Manuel Belgrano, uno de los más notables economistas argentinos, precursor del periodismo nacional, impulsor de la educación popular, la industria nacional y la justicia social entre otras muchas cosas, ha sido condenado a convertirse en una especie de sastrecillo valiente. La operación es simple. Se trata claramente de un ideólogo de la subversión americana y no conviene que desde la más tierna infancia, los niños aprendan a honrar la memoria de pensadores, innovadores y revolucionarios, portadores, como en este caso, de una coherencia meridiana entre sus dichos y sus hechos.
Las ideas de Belgrano estaban cargadas de profunda sensibilidad social como lo demuestra este informe al consulado: “He visto con dolor, sin salir de esta capital, una infinidad de hombres ociosos en quienes no se ve otra cosa que la miseria y desnudez; una infinidad de familias que sólo deben su subsistencia a la feracidad del país, que está por todas partes denotando la riqueza que encierra, esto es, la abundancia (…) Esos miserables ranchos donde ve uno la multitud de criaturas que llegan a la edad de pubertad sin haber ejercido otra cosa que la ociosidad, deben ser atendidos hasta el último punto”. Pero no se quedaba en la crítica, proponía inmediatamente la solución: “La lana, el algodón, otras infinitas materias primas que tenemos, y podemos tener con nuestra industria, pueden proporcionar mil medios de subsistencia a estas infelices gentes (…)”.
Belgrano fue el primero por estos lares en proponer a fines del siglo XVIII una verdadera Reforma Agraria basada en la expropiación de las tierras baldías para entregarlas a los desposeídos: “Es de necesidad poner los medios para que puedan entrar al orden de sociedad los que ahora casi se avergüenzan de presentarse a sus conciudadanos por su desnudez y miseria, y esto lo hemos de conseguir si se le dan propiedades (…) que se podría obligar a la venta de los terrenos, que no se cultivan, al menos en una mitad, si en un tiempo dado no se hacían las plantaciones por los propietarios; y mucho más se les debería obligar a los que tienen sus tierras enteramente desocupadas (…)”.

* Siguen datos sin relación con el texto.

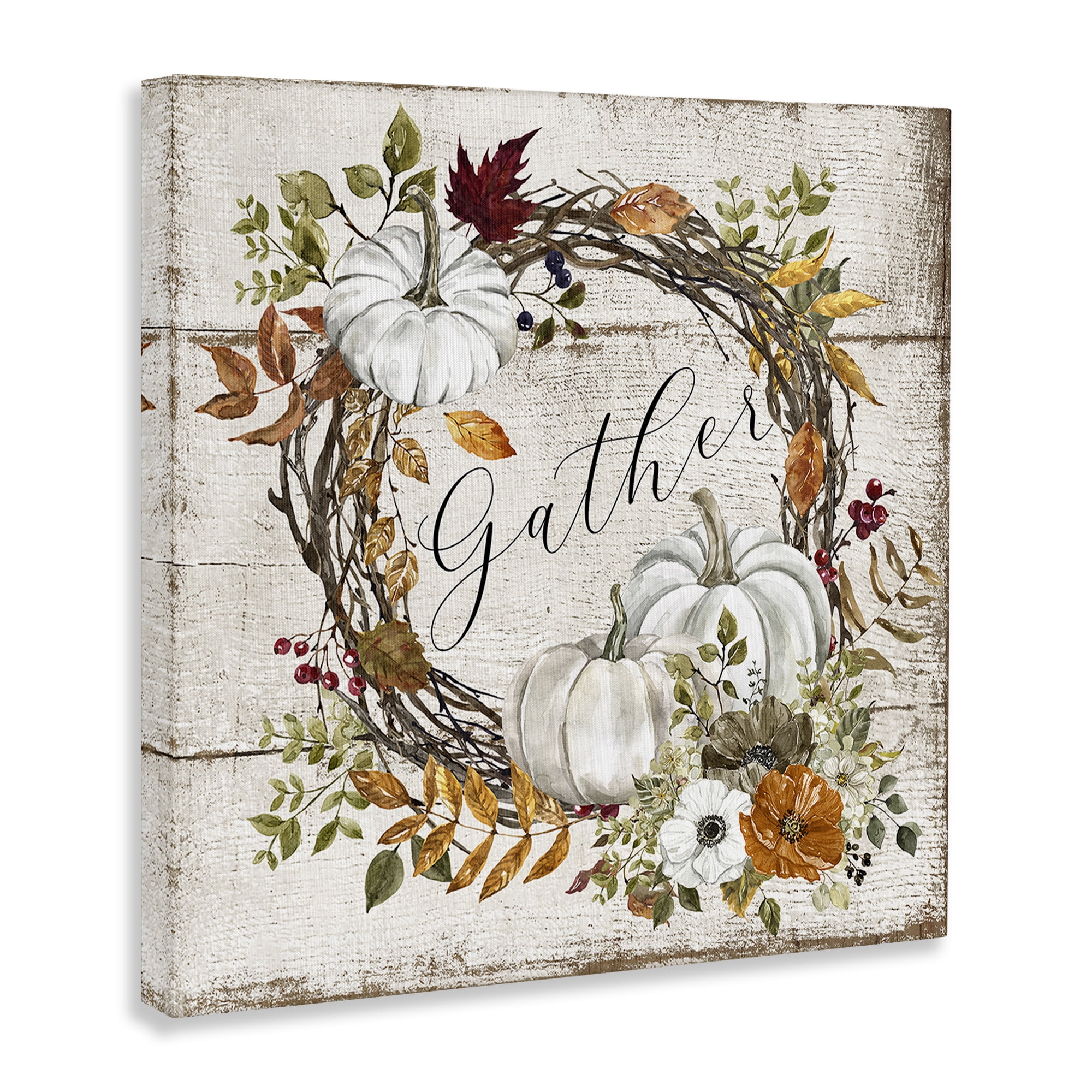 Stupell Industries Gather Autumnal Wreath Holiday Painting Gallery Wrapped Canvas Art Prints Wall Art, 17 x 17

El 1 de septiembre de 1813, “La Gaceta” publicó un artículo que Belgrano había escrito unos años antes y que no pudo pasar la censura del período colonial. Es un documento de un valor extraordinario donde aparece expresada una conciencia política que dejaba atrás a cualquier pensador de su tiempo. Decía don Manuel Belgrano: “Se han elevado entre los hombres dos clases muy distintas; la una dispone de los frutos de la tierra, la otra es llamada solamente a ayudar por su trabajo la reproducción anual de estos frutos y riquezas o a desplegar su industria para ofrecer a los propietarios comodidades y objetos de lujo en cambio de lo que les sobra. (…) Existe una lucha continua entre diversos contratantes: pero como ellos no son de una fuerza igual, los unos se someten invariablemente a las Leyes impuestas por los otros. (…) El imperio de la propiedad es, el que reduce a la mayor parte de los hombres, a lo más estrechamente necesario”. Los ricos de la Argentina, enriquecidos a costa del país y del trabajo de su gente, se enorgullecen en decir que Belgrano murió pobre.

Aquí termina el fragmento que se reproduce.